# Plan of Action



## eda de leche (Apr 3, 2005)

Despite the generally discouraging feeling i tend to get after reading the threads here, i have formulated a plan for myself that i think will work. What do you guys think?

Past: 
i've worked in the kitchen of a busy chain restaurant (not as a cook), and as a server in a few places.

Currently: 
I work part-time (in addition to my full-time job) at an Italian bakery in downtown Toronto. I help with the pastries and cake decorating. It's not what i'd like to do when i'm done with culinary school, but it's something. I got in as a volunteer this winter simply by walking in and asking if i could help out. I got that idea from someone on this message board.

Near Future: 
I'm going to be in Chicago for a couple of months, and to occupy my time, i'd like to at least see, but preferably help out in a fine dining kitchen with a pastry chef or at a bakery.

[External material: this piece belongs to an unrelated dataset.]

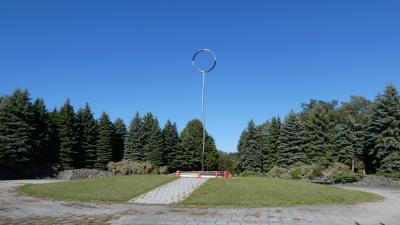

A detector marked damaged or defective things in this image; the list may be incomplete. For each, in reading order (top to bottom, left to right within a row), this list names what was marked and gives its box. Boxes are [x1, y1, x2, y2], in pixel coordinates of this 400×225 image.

cracked asphalt surface [0, 179, 398, 225]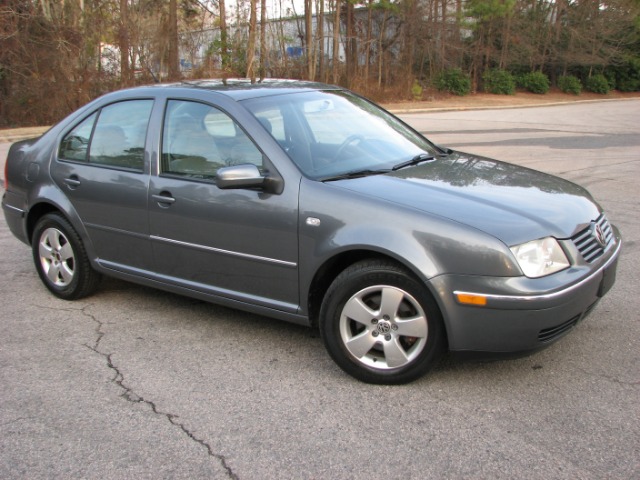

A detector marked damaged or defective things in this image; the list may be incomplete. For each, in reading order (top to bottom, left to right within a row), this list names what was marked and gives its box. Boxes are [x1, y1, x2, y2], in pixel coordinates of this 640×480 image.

cracked asphalt [0, 99, 636, 478]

_*Does anyone know of any good restaurants or bakeries i should consider in Chicago? .*_ I think this will be more intimidating than my Toronto experience.
After my time in Chicago, i begin classes at Le Cordon Bleu in Ottawa for their Patisserie Diplome. This lasts 9 months, and i intend to work in a restaurant/bakery while i attend. i might have to work front of house due to my lack of experience, but whatever. Again, any recommendations of where to look for work would be awesome.

Future: 
after school, i'd like to work in a restaurant setting as a sous-pastry chef at a fine dining restaurant, using fresh and innovative ingredients, and trying out interesting and unusual flavour combinations while adhering to classic techniques for the basics.

At some point, i'd also like to go to europe briefly to work/volunteer at a traditional bake shop.

Two more questions:
*How often do restaurants actually have a pastry chef on hand? *I know that the restaurant's size often has something to do with it, whereby smaller places will not require a designated pastry chef. 
*Do i sound like the kind of person that will benefit from formal, private (expensive) schooling*?
I think i'm fairly motivated on my own and i don't feel that i NEED school to inspire me. But i do think it will give me a strong foundation that i could work with.

I hope i don't sound too ridiculous.


----------



## someday (Aug 15, 2003)

I don't think you sound ridiculous. You sound well thought out. A lot of people jump into things like this without giving it clear and careful thought, as you obviously did. So thats a good thing.

I think that the time in Chicago will serve you well, provided that you can trail in restuarants you like. It might do a lot of things, like change your mind, or re-enforce you desire to go to school, or make you decide you don't need it after all. 

I think school is a good idea, especially for bakers and pastry chef. Pastry is a lot more scientific and mathematical and precise that cooking is, so having a base understanding of ratio's and chemicals and reactions, as well as the practical experience of seeing, tasting, practicing these things in a controled environment. 

Don't limit yourself to only restaurants. Hotels and resorts often have need for dedicated pastry chefs. But I would say that a very high percentage of fine dining restaurants in the US have a pastry chef. Not all do--but most of the larger ones will. 

I wouldn't, if you do decide to attend school, accept a sous chef job right after graduation. You will still have a lot to learn. Work for at least a year or two, as a desert line cook or a pastry/baker person, in places similar to one you would like to be a sous or exec. Develop your palatte, lean about operations, ordering, scheduling, work on your ideas, and put to practical use your time in school. More than likely if you step right into a sous chef position you will not be ready. There is an overwhelming amount of information to learn that thinking you will be ready to be a sous in 9 months is silly. School will give you a foundation, can get your foot in the door for jobs, but ultimately will give you none of the practical real world experience needed for building a career. They don't hand out scalpels to med school grads right away, do they?

Not trying to sound harsh, but a lot of people go into culinary school like they will be chefs right after graduation. Some do. Most are not successful. Some are, but they are the extreme minority, of have years or previous job experience BEFORE they went to school. 

Your plan sounds good, and like I said, well thought out. And from reading your post I feel that you realize school is a starting point. Like you say, school lays the foundation. I think you have the right attitude (except for the sous chef part), so like I said hopefully time spent in high end restaurant kitchens will help you determine if you want to go to school or not.


----------